TASK BRIEF >>
Leave every picture out and print exactly the lines that run from the one containing "A decorating theme" to the end of the listing.
——
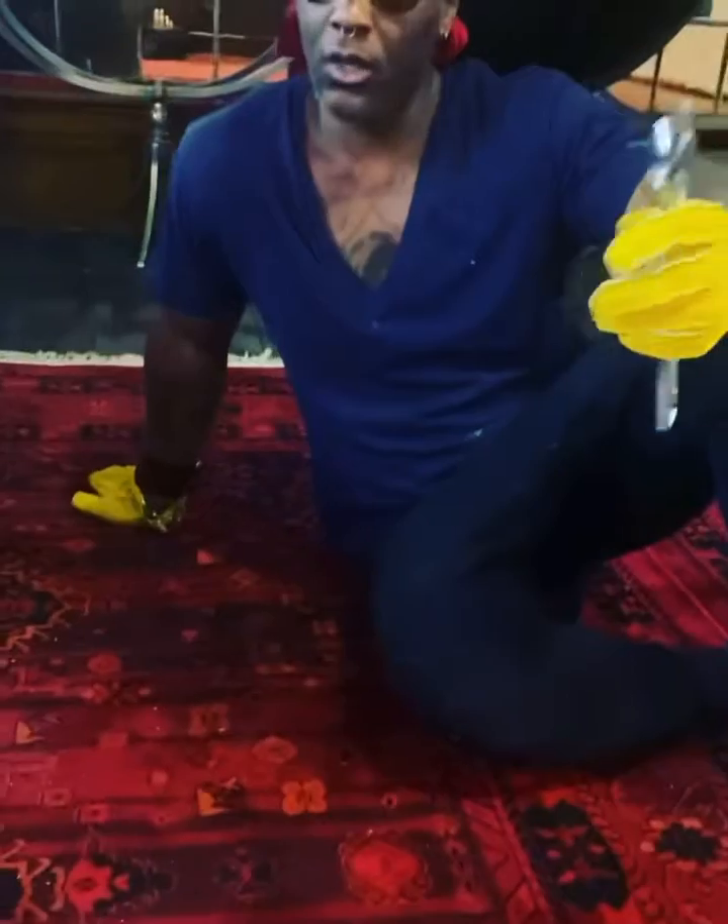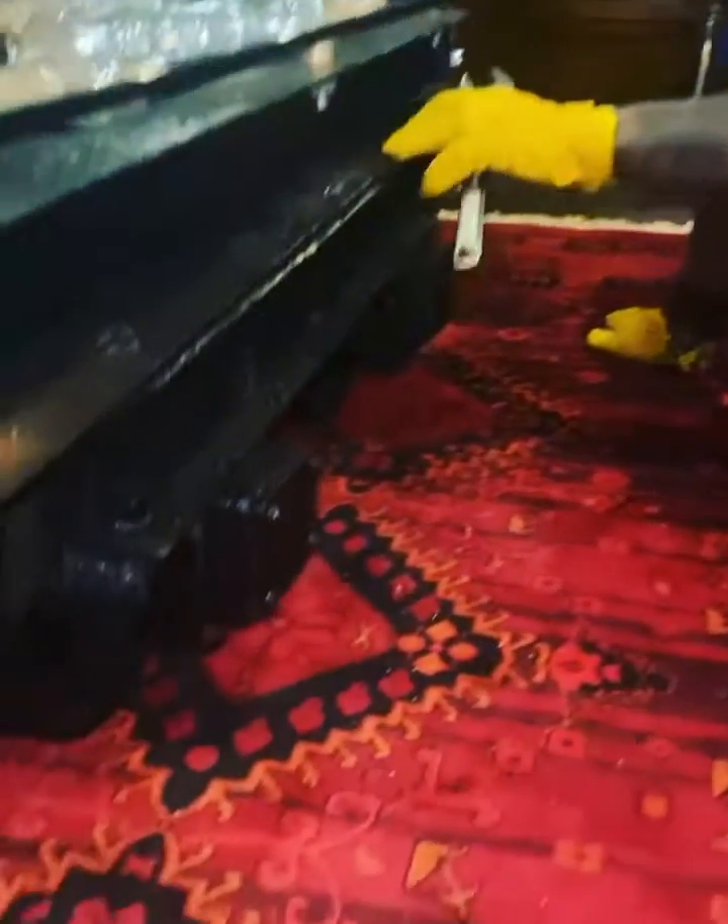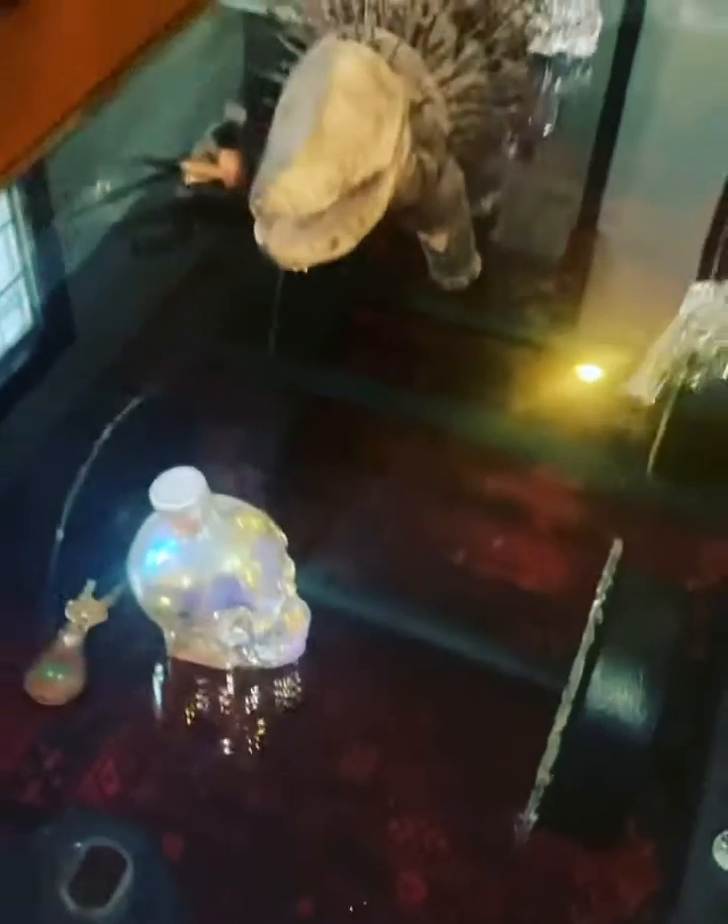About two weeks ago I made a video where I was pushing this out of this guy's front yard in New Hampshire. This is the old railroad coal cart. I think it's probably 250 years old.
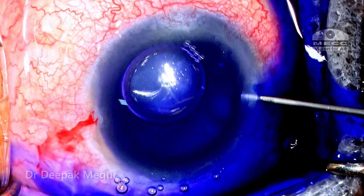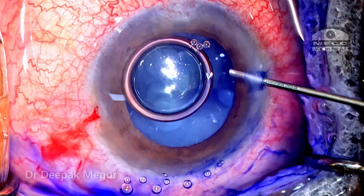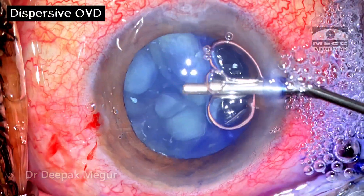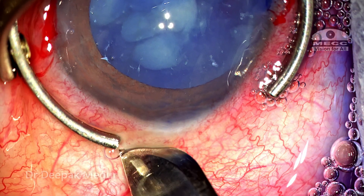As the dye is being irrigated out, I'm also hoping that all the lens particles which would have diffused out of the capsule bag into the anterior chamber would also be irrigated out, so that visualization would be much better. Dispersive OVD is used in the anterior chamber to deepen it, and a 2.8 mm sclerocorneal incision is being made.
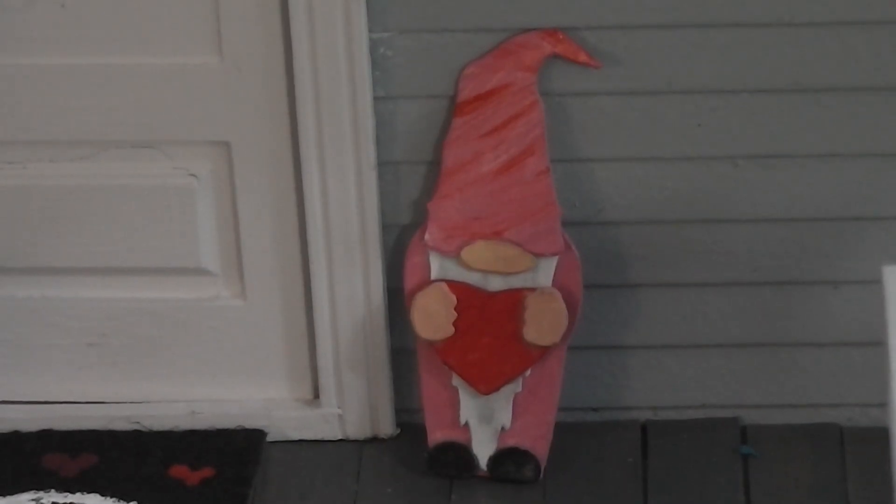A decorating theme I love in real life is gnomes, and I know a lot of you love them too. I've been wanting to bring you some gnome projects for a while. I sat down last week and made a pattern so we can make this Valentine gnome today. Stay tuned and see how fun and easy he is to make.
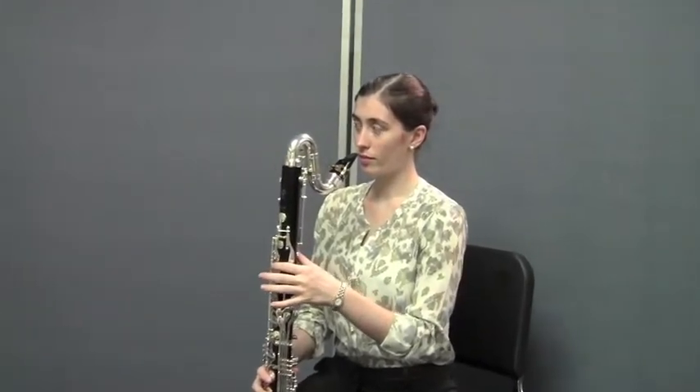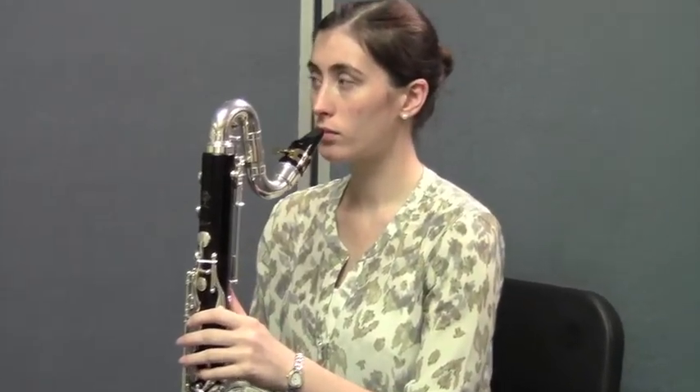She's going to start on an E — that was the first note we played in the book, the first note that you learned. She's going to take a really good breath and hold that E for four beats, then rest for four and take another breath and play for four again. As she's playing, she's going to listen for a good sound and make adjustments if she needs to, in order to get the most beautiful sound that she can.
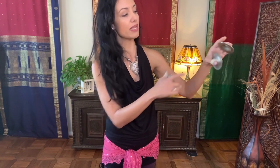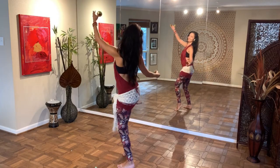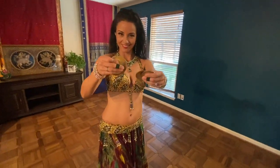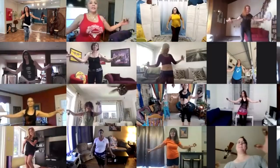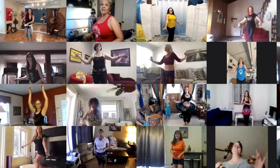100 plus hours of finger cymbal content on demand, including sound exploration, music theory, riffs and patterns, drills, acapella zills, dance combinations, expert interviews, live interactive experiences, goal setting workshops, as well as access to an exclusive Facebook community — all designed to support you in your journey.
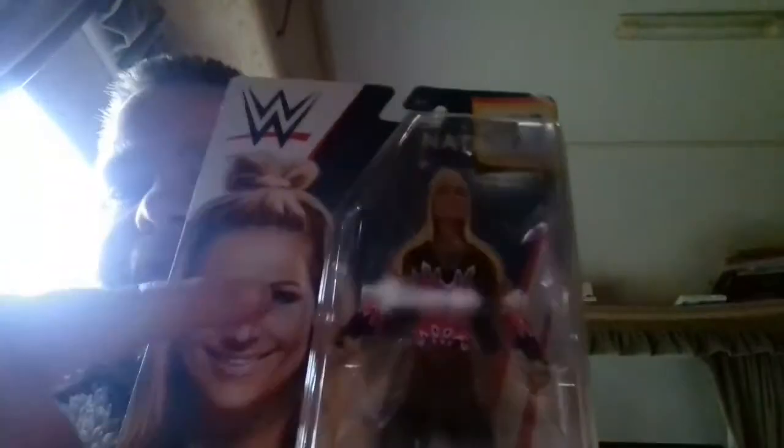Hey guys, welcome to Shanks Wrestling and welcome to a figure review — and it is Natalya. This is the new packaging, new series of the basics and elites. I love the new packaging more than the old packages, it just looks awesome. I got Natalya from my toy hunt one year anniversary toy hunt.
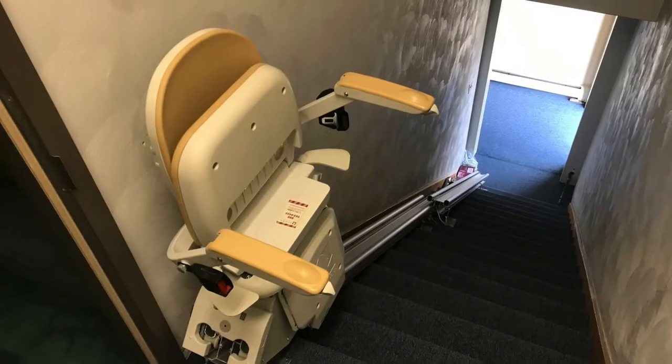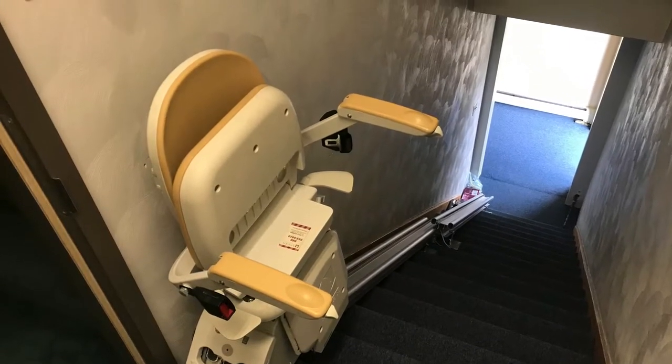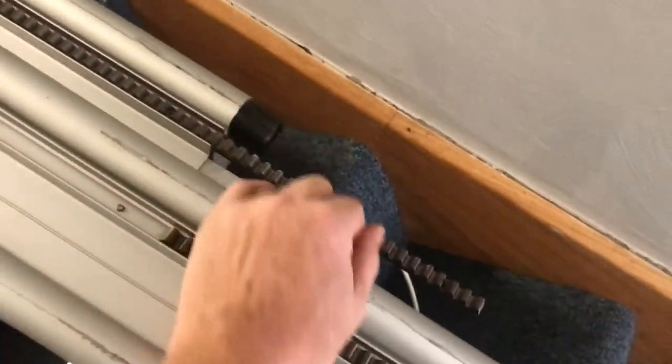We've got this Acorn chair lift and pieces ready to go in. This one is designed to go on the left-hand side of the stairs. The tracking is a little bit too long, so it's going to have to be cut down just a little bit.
——
SOLUTION TO THE EXERCISE >>
A decorating theme I love in real life is gnomes, and I know a lot of you love them too. I've been wanting to bring you some gnome projects for a while. I sat down last week and made a pattern so we can make this Valentine gnome today. Stay tuned and see how fun and easy he is to make.
She's going to start on an E — that was the first note we played in the book, the first note that you learned. She's going to take a really good breath and hold that E for four beats, then rest for four and take another breath and play for four again. As she's playing, she's going to listen for a good sound and make adjustments if she needs to, in order to get the most beautiful sound that she can.
100 plus hours of finger cymbal content on demand, including sound exploration, music theory, riffs and patterns, drills, acapella zills, dance combinations, expert interviews, live interactive experiences, goal setting workshops, as well as access to an exclusive Facebook community — all designed to support you in your journey.
Hey guys, welcome to Shanks Wrestling and welcome to a figure review — and it is Natalya. This is the new packaging, new series of the basics and elites. I love the new packaging more than the old packages, it just looks awesome. I got Natalya from my toy hunt one year anniversary toy hunt.
We've got this Acorn chair lift and pieces ready to go in. This one is designed to go on the left-hand side of the stairs. The tracking is a little bit too long, so it's going to have to be cut down just a little bit.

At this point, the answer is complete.